Everyone in my family loves salmon if I serve it with dill sauce!  It’s fine to pan fry salmon with a scant amount of oil if you detest using a broiler.  Isn’t broccoli or baby broccolini delicious with any kind of fish?  DILL SAUCE: 1/3 cup fat free sour cream, 1/3 cup light mayo, 1 tablespoon chopped scallion, 1 teaspoon lemon juice, 1 teaspoon horseradish sauce, and a dash of pepper!

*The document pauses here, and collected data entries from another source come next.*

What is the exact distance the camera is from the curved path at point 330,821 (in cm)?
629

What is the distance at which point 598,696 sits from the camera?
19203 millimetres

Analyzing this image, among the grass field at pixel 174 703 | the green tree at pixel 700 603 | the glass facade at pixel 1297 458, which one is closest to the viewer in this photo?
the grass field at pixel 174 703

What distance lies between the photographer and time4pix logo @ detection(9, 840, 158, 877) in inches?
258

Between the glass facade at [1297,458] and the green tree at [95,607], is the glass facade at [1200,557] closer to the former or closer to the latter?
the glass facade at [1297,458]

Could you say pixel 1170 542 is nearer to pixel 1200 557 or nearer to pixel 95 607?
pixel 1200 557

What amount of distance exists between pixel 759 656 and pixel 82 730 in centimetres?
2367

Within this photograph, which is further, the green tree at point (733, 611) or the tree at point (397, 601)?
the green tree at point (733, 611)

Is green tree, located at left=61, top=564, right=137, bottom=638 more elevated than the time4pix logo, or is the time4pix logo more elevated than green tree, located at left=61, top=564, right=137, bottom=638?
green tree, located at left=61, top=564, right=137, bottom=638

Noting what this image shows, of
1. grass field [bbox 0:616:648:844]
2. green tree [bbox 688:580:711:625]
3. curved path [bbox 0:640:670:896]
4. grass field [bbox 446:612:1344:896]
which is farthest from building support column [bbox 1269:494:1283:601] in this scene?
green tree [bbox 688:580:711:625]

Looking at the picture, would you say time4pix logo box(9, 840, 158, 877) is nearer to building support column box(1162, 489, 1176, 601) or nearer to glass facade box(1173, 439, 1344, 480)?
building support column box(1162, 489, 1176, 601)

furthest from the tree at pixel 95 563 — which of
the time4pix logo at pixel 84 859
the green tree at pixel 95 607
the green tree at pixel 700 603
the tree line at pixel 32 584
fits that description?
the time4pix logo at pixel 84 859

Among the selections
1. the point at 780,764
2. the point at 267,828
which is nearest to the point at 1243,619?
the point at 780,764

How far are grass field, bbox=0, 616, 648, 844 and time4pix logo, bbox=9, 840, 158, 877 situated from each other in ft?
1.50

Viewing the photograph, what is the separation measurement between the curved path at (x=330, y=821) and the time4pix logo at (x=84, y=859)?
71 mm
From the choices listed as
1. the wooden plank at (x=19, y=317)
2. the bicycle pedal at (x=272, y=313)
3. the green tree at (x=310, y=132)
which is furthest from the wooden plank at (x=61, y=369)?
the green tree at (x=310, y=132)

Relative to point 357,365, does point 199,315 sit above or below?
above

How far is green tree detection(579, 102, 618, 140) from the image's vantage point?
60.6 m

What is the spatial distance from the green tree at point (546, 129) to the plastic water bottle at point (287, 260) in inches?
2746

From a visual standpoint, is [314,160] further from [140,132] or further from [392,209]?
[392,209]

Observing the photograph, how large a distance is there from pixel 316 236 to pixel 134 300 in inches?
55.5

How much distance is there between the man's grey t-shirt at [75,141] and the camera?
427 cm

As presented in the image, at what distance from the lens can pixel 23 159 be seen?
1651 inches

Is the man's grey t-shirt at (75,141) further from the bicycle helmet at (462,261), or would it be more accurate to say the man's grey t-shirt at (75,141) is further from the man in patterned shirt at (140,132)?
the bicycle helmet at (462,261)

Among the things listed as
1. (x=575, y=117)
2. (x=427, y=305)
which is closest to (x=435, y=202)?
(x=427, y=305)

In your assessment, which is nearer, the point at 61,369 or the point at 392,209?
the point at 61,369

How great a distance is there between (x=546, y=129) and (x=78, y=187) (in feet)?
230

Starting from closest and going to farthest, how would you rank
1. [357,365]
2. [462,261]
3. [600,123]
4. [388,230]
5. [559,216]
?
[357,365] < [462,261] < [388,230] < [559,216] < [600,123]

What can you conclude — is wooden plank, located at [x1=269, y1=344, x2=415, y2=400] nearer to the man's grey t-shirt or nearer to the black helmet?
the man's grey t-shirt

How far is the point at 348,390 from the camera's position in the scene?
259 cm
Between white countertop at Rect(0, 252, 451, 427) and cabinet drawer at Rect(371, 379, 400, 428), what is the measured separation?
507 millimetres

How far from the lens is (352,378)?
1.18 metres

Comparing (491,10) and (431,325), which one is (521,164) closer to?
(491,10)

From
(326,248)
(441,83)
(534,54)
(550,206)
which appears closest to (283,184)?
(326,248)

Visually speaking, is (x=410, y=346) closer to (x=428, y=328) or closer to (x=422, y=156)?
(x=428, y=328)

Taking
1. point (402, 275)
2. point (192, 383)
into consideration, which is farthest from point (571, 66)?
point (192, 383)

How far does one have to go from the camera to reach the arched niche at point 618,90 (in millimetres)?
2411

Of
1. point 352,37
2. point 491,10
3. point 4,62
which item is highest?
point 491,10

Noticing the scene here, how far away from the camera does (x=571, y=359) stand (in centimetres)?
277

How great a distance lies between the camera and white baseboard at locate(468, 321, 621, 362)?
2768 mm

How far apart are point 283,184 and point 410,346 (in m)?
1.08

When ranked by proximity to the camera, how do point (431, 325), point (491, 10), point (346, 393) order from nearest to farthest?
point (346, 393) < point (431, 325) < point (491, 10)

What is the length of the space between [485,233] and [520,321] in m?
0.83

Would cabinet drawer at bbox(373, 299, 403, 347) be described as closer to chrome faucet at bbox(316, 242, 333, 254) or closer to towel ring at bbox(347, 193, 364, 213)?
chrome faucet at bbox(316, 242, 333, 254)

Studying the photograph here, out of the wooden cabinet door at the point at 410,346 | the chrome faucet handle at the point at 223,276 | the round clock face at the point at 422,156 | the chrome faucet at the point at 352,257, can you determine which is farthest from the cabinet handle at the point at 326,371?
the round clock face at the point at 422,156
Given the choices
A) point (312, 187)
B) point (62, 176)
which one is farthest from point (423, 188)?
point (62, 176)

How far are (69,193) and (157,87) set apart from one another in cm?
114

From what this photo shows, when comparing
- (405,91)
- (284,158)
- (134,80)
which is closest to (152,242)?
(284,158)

Salmon with Creamy Dill Sauce Recipe

Eat Healthy and Get Skinny!

6 thoughts on “Eat– for Good Health

  1. Janessa Breckenridge

    Oh my, yes! The American Heart Association recommends two servings of fish every week. Salmon is a good source of omega-3 fatty acids, which help keep blood from forming clots and protect against irregular heartbeats that may cause a heart attack.

  2. Mary Alice Tallmadge

    Absolutely, Janessa! Thousands of research studies have documented how the oils known as omega-3 fatty acids can benefit the cardiovascular system, particularly among people diagnosed with coronary artery disease. The incredible volume of research on this topic creates difficulty for many physicians and patients to stay current with findings and recommendations related to these oils.

  3. Kathleen Rowland

    Besides the Omega-3s, recent studies show the presence of bioactive peptides in salmon which support healthy joint cartilage and other types of tissue. One bioactive peptide named calcitonin has been of special interest because it is also made in the human body by the thyroid gland, and we know that it helps regulate and stabilize the balance of collagen and minerals in bone and surrounding tissue.

  4. Dr. Jill

    What about cognitive function? Much research has proven docosahexaenoic acid (DHA) to be the most important fat found in the brain, and the substantial content of this omega-3 fatty acid in salmon explains the benefits of salmon intake for thinking and the decreased risk of certain brain-related problems. Salmon intake is associated with decreased chances of depression, hostility in some studies of teenagers, and decreased cognitive decline in older people. Some studies have also demonstrated an association between IQ and a diet rich in omega-3 fatty acids.

  5. Reba Studebaker

    So true, Jill. Thanks. Food that’s good for us makes us feel good, and vice versa. Part of liking fish is intellectual, but we can make a great sauce to make it taste even better.